I don't know about costs, except to say that board in your area is ridiculously cheap by our standards (ours is at least twice , maybe thrice that amount!),
But I can say that pasture kept horses are usually a lot happier, healthier and dont' need pre-ride lunging. I think your area gets very cold, so that could be an issue in the winter, if you plan to ride and you have to do a trace clip or something. Our horses are non blanketted all year, but our weather is pretty wussy compared to yours.


----------



## Dream (Jan 23, 2011)

Haha yeah, this pasture board is $20 cheaper a month than the stable I boarded at during college. And I'm south of where I was for college, and it's much warmer here...my horse has dealt with -50F windchills...she's tough, and I do blanket her. I just feel that horses should be able to get out of the wind at least.

Also, the stalled horses are put out in a paddock with grass during the day, so she would only be stalled at night and get plenty of exercise. She doesn't need to be lunged anyways usually, unless she's had extra jalepenos for breakfast that day! 

Thanks for your input!


----------



## Dream (Jan 23, 2011)

So I'm roughly calculating $25-$35/month for hay (she's around 800-850 lbs), and I am thinking I'd use wood pellets for bedding (we have sawmills here that I think we could get them fairly cheap), so after the initial setup that fills the stall up, I'd probably only replace 1-2 a week, so I'm estimating around $35/month for bedding...is that reasonable? It would save me around $25 a month from what full-care is. Good deal or no?


----------



## AQHA13 (Apr 19, 2017)

All those prices sound really good! One thing you should consider though, is how much is your time worth? If you are going to have to travel to get loose shavings or pellets from a mill every week or two, when you could spend that time riding, would it be worth it? You should add gas money into the mix too.


----------



## Dream (Jan 23, 2011)

Thanks AQHA13! I didn't even think of that. If the mill is cheaper than Menards (they have wood stove pellets--$4 for a 40 lb bag I believe), then I will factor in that. However, I just realized there is a Menards across the street from the stable, so that wouldn't cost me any gas to go there, since it's right by the stable. The hay will still cost money though, but we can get fairly big loads and put it up in the hay loft at the stable, so you don't have to buy bale by bale. 

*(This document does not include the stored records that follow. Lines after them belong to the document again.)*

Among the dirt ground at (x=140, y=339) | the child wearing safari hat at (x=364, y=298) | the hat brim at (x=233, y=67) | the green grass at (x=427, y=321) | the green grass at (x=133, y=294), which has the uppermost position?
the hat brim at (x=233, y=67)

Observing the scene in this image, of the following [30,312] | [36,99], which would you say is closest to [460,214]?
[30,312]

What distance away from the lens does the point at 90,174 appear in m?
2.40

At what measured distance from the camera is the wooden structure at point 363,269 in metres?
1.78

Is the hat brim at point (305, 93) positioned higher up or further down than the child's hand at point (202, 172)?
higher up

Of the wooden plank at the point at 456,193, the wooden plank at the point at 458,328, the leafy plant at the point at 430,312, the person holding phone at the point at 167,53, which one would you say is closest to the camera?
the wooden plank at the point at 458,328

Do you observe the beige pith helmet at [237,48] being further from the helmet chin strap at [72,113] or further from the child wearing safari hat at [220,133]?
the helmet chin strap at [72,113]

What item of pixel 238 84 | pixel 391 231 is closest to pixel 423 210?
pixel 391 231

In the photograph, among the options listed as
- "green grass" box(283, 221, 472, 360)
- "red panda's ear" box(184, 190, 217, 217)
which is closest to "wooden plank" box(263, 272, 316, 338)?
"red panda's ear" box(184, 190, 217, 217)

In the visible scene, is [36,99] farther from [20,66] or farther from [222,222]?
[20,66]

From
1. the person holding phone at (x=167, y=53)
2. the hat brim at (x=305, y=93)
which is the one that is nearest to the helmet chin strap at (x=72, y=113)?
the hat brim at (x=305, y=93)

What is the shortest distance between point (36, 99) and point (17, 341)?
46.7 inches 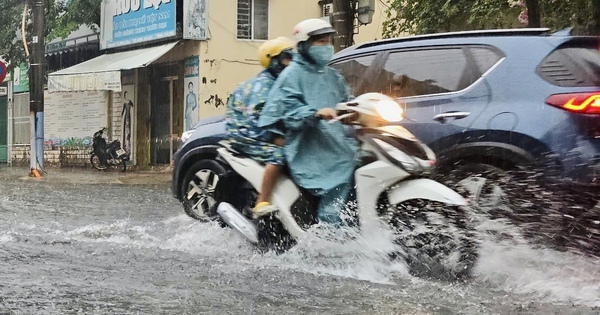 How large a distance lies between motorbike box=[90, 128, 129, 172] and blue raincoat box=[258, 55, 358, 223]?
16044 millimetres

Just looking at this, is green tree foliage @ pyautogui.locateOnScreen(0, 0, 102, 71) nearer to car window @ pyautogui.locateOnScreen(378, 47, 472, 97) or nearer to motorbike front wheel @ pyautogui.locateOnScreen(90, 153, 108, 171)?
motorbike front wheel @ pyautogui.locateOnScreen(90, 153, 108, 171)

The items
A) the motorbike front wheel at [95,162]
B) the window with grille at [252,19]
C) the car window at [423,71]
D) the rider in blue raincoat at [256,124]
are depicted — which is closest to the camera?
the rider in blue raincoat at [256,124]

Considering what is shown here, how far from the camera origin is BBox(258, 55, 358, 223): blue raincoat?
5.24 m

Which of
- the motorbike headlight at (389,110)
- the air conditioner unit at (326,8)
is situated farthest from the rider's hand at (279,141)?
the air conditioner unit at (326,8)

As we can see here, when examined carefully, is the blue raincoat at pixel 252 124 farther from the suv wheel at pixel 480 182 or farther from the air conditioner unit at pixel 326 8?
the air conditioner unit at pixel 326 8

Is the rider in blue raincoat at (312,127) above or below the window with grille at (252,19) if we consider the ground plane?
below

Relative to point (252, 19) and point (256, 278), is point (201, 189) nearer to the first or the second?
point (256, 278)

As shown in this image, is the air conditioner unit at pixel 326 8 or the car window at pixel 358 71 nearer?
the car window at pixel 358 71

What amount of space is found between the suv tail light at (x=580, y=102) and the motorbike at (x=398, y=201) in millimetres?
952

And my fiance' isn't too keen on riding, so he said that when I come out to ride, he'd muck out my horse's stall for me and get her food and water all set up, so that's not going to be too much time wasted. I'll still do it when I go out to the barn without him of course.


----------



## Reiterin (Mar 28, 2010)

personally I think full care is totally worth the cost. (we don't even have an option of pasture or self care, anyway) But I live 20 minutes away from my barn, and I do not have the time, nor can I afford the gas money it would take to go out Twice a day. - heck, I don't even go out Every day.

Since you are so close and if the cost savings is worth it to you...


----------